Town struggles to come up with a recycling plan

NEWFANE — In a somewhat heated discussion, the Selectboard and the Recycling Committee recently tried to figure out what to do about recycling after June 30.

Newfane, like most towns in Windham County, currently has roll-off recycling bins available for anyone to use. Workers from the Windham Solid Waste Management District, a chartered municipality owned by 20 member-towns across the county, periodically bring the contents to their Materials Recovery Facility on Old Ferry Road in Brattleboro.

But, with the District closing that facility at the end of the month, they will no longer empty the bins.

Towns without a transfer station will either have to contract with a private hauler to pick up the recyclables, or they will have to do away with municipal recycling altogether and remove the bins.

The challenge for many town officials is that the District Board of Supervisors voted in December to close the Materials Recovery Facility - long after Selectboards, including Newfane's, set their Fiscal Year 2018 budgets, which cover expenditures between July 1, 2017, and June 30, 2018.

At this year's Town Meeting, Newfane voters passed a nonbinding resolution asking the town to continue offering municipal recycling. The Selectboard charged the Recycling Committee with researching all possible solutions for doing so.

At the June 5 regular Selectboard meeting, Recycling Committee member Johanna Gardner expressed the stalemate her committee faces: With no budget, what can really be done?

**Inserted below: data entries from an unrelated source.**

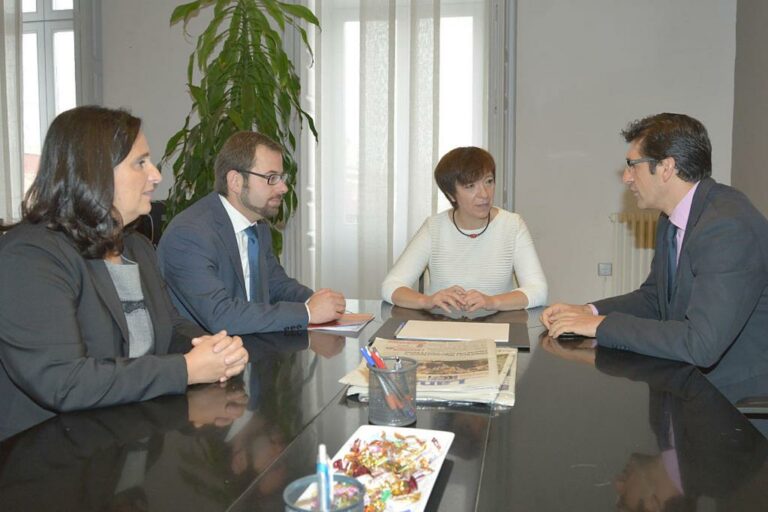 Caballero anuncia apoyo institucional y económico a la Plataforma de Transporte de Alcázar
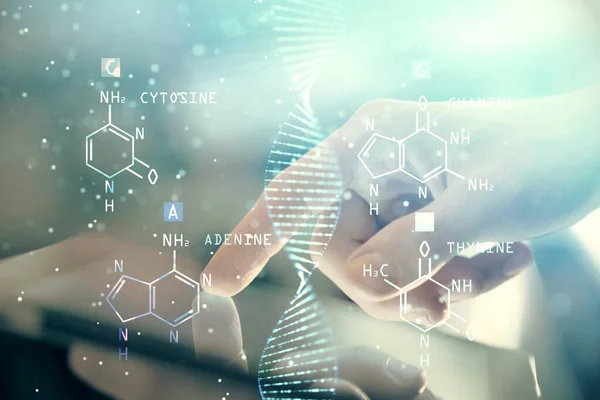 Doppia esposizione di mani di uomo in possesso e utilizzando un disegno di telefono e DNA. Concetto di educazione medica . — Foto Stock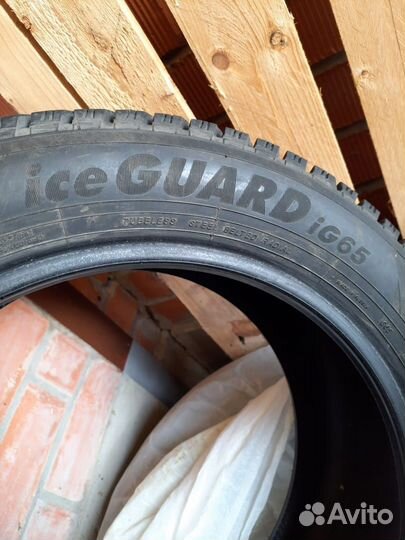 Yokohama IceGuard Stud IG65 215 R17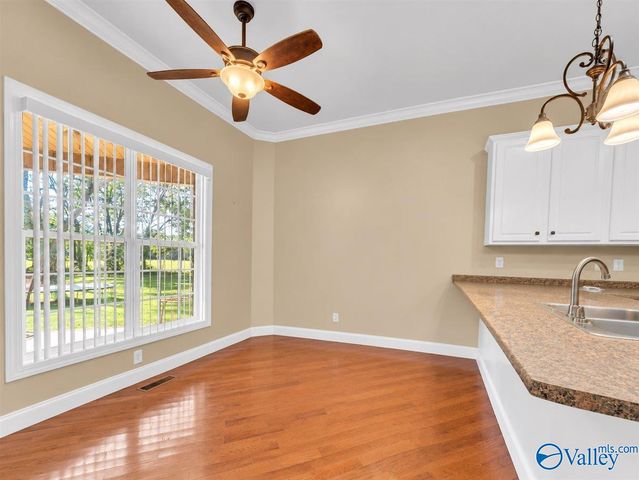 1392 Ryland Pike, Huntsville, AL 35811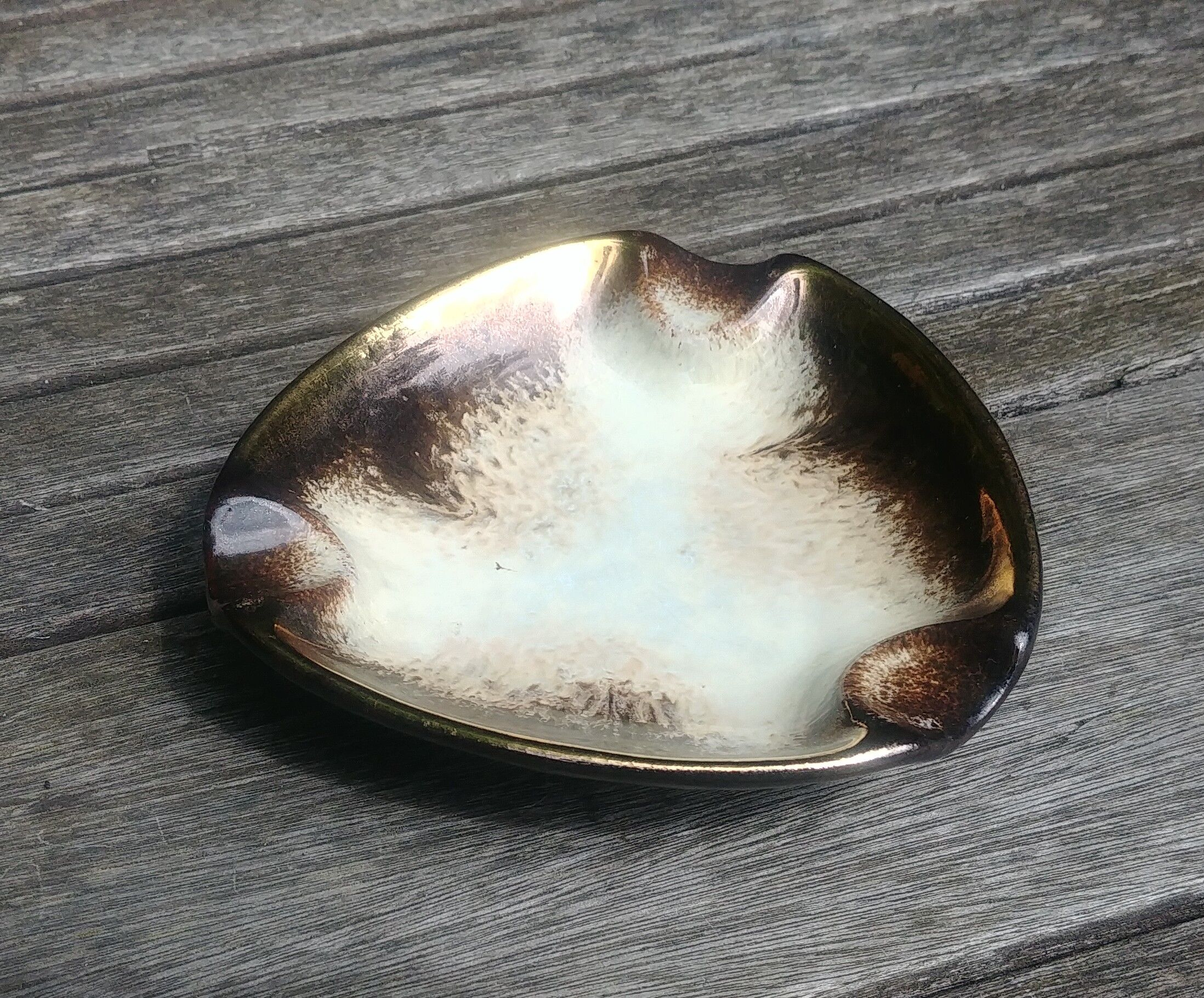 Vintage glazed ceramic ashtray/pocket emptier from the 60s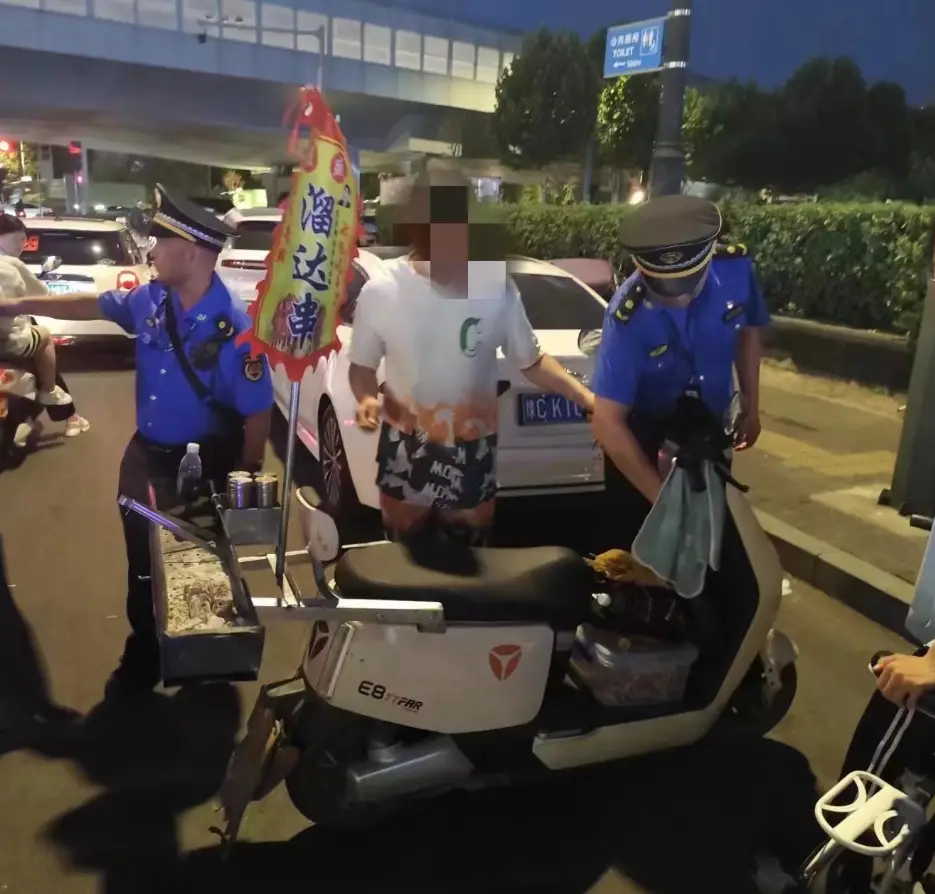 洛陽城管部門開展為期一個月的露天燒烤集中整治行動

Gardner said she and the other members “were kind of stunned” that the Selectboard has no resources to keep the roll-off bins once July rolls in, thus leaving the town with no recycling, and no way for the committee to do its work. “Now it's so close that we couldn't even [continue the service] even if we immediately threw ourselves into it,” she said.

“I said this from the beginning: I think we really need a two-pronged approach,” Gardner told Selectboard members. First is an “immediate solution to our problems,” she said, and the second is “a more long-term solution."

Gardner reminded Selectboard members Newfane isn't unique in this problem - but officials in other towns have contracted with private haulers to maintain and empty their roll-off bins.

Selectboard Chair Carol Hatcher asked the Recycling Committee to go back to the drawing board and do some research, including what other towns are doing come July 1, “so we can budget for it for next year.” One option some officials are considering is to build a transfer station in Newfane. Hatcher said there is value in beginning the process, and asked the committee to have the information ready by October.

Because voters at Town Meeting “clearly said they want the bins [...] I feel like we're letting them down to not have some sort of plan for the near future,” Gardner said.

“If we don't have anything in place for [residents] to deal with their recycling, they will find a solution,” she said, and that solution may be “throwing it over a bank."

Board member Marion Dowling noted that on her walks through Townshend - a town with a transfer station - she sees trash dumped in rivers and meadows.

Not everyone agreed with Gardner's view that, at least in the short term, the town should keep the bins.

Roads Foreman and former Selectboard Chair Todd Lawley questioned the fairness of the process, noting 50-100 people showed up to Town Meeting to make decisions for approximately 1,200 residents.

Board member Chris Williamson said the Town Meeting vote was nonbinding, and “there is absolutely no money this year to do anything with that. We don't have any money for recycling,” he said.

Gardner said there was discussion during budgeting season about including a line item for recycling - but Williamson wasn't on the Selectboard then - and, “for some reason, I don't know why, the Board decided” not to fund it.

That puts the Recycling Committee “in a hard spot,” Gardner said, because residents have an expectation of the committee and it can't fulfill it.

Gardner suggested the Selectboard hold a Special Town Meeting to “vote some money for having bins.”

Lawley was having none of it.

“As somebody who has to drive by the bins every day and clean” up the illegal dumping there, “[I say], get rid of the bins,” he said. Lawley said people “from all over the place, not just Newfane,” dump items like microwaves and televisions and, “they leave it on the ground and it sits there until somebody from the Road crew picks it up [and] it costs the town money to get rid of it.”

Lawley said the same panic occurred when the town closed its dump. “Everyone was up in arms,” but residents either hired private haulers or took trash to the District's Brattleboro facility.

“It's the same with recycling. The [private haulers] will do the recycling. And, if you're taking your trash to Brattleboro, put your recycling in the car and go to Brattleboro with it,” Lawley said.

The area around the roll-off bins “is an eyesore - in a historic village - and it's disgusting out there,” Lawley said.

Resident Ken Estey said he wasn't convinced removing the bins would stop people from illegally dumping there, and asked the Selectboard “to be mindful of that.”

Gardner said she appreciated Lawley's comments and concerns, but noted “at Town Meeting we asked voters what they wanted. If we didn't want to do that, we shouldn't have asked them.”